Definition B11.1. Given a map $f: S^1 \rightarrow S^1$, we define its degree $\operatorname{deg} f \in \mathbb{Z}$ as follows. Choosing a basepoint $x_{0} \in \mathbb{S}^{1},$ we get $$ f_{*}: \mathbb{Z} \cong \pi_{1}(\mathbb{S}^{1}, x_{0}) \mapsto \pi_{1}(\mathbb{S}^{1}, f(x_{0})) \cong \mathbb{Z} $$ Any such homomorphism $\mathbb{Z} \rightarrow \mathbb{Z}$ is given as multiplication by some $n \in \mathbb{Z}$, meaning the map $k \mapsto n k$. We then set $\operatorname{deg} f:=n$
While in our class we’ve covered why $\mathbb{Z} \cong \pi_{1}(\mathbb{S}^{1}, x_{0})$, I’m not sure I get how that translates into equivalency between the maps $\pi_{1}(\mathbb{S}^{1}, x_{0}) \to \pi_{1}(\mathbb{S}^{1}, f(x_{0}))$ and the maps $S^1 \to S^1$. Say we embed $S^1$ into $\mathbb{R}^2$, and $f$ rotates $x_0 = (1,0)$ by an angle of $\pi/3$ around the origin. What would $n$ be in this case? And given $k \mapsto nk$, what does it mean in terms of the homotopy classes of loops in $S^1$? If it helps please use concrete numbers for $n$ and $k$.
Edit: It’s been pointed out to me that orientation matters. Indeed this comes right after the definition in my materials. For now, I’m just assuming we map the loop going counter-clockwise around $S^1$ once to $1$.
It seems as though the degree is well-defined only up to a sign. The reason I say this is because while it is true that $\pi_1(\Bbb S^1, f(x_0)) \cong \Bbb Z$, there are two isomorphisms, depending on which generator you pick.

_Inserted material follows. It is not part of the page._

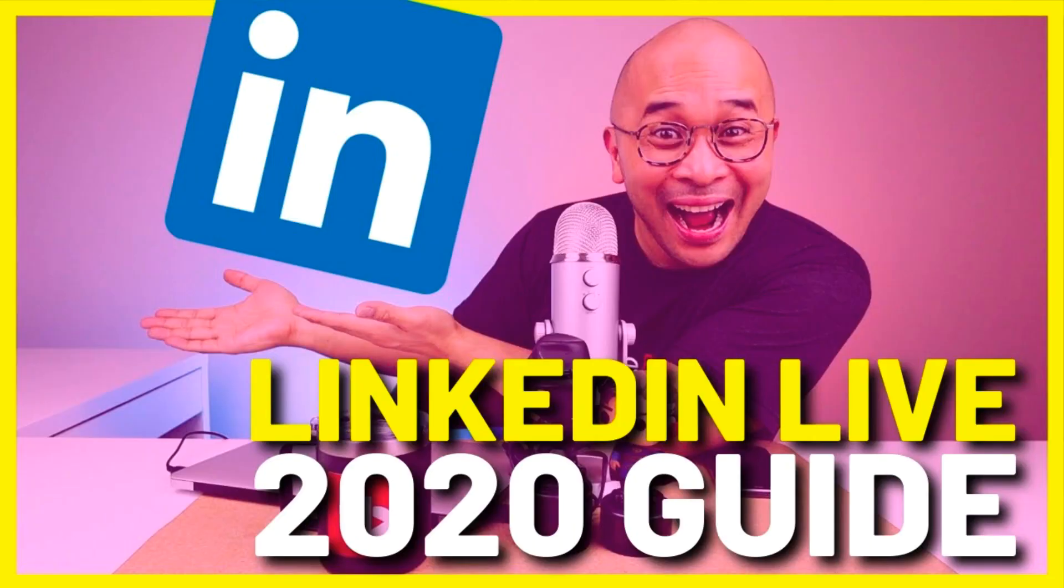Now if you're watching this video and you don't have LinkedIn Live access granted for your personal profile or for your business page on LinkedIn, then you need to get that first. I want to make sure you do that first, so go check out this playlist that's going to be popping up right here on the top right corner of the screen. Go watch that video.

In your example, you technically haven't given a map $f: \Bbb S^1 \to \Bbb S^1$, you've only told what $f$ does to $(1, 0)$. I assume that you mean that $f$ rotates $\Bbb S^1$ by $\pi/3$. In this case, the degree could either be $+1$ or $-1$.
To get a geometric interpretation: Recall what the isomorphism $G = \pi_1(\Bbb S^1, x_0) \cong \Bbb Z$ explicitly is. There are exactly two generators of $G$. One is (the equivalence class of) the loop that goes around exactly once and the other is the reverse of that. We get the isomorphism by mapping one of them to $1$. This means that the degree of the map is simply measuring how many times the generating loop gets twisted, under $f$. The only problem is that you have a choice in fixing the isomorphism, which means that the orientation matters.